*WORK REQUEST*
Report every line from the following entries that contains the string "with".

*DATA RECORDS*
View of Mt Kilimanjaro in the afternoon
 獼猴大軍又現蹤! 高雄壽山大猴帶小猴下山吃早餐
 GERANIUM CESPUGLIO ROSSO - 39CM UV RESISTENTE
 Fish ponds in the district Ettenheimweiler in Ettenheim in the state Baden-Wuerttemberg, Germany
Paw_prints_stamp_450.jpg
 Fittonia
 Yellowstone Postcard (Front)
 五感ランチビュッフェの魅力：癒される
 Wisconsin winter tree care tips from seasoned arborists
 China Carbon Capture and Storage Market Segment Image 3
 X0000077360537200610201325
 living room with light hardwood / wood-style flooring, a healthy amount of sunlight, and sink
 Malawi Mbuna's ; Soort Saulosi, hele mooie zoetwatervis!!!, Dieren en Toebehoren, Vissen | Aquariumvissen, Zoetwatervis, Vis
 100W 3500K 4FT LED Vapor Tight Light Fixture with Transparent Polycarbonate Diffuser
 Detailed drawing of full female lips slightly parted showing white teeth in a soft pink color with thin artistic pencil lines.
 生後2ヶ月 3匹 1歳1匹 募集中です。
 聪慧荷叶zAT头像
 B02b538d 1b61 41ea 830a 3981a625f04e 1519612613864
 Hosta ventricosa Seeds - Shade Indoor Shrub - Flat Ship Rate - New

*ANSWER SECTION*
 living room with light hardwood / wood-style flooring, a healthy amount of sunlight, and sink
 100W 3500K 4FT LED Vapor Tight Light Fixture with Transparent Polycarbonate Diffuser
 Detailed drawing of full female lips slightly parted showing white teeth in a soft pink color with thin artistic pencil lines.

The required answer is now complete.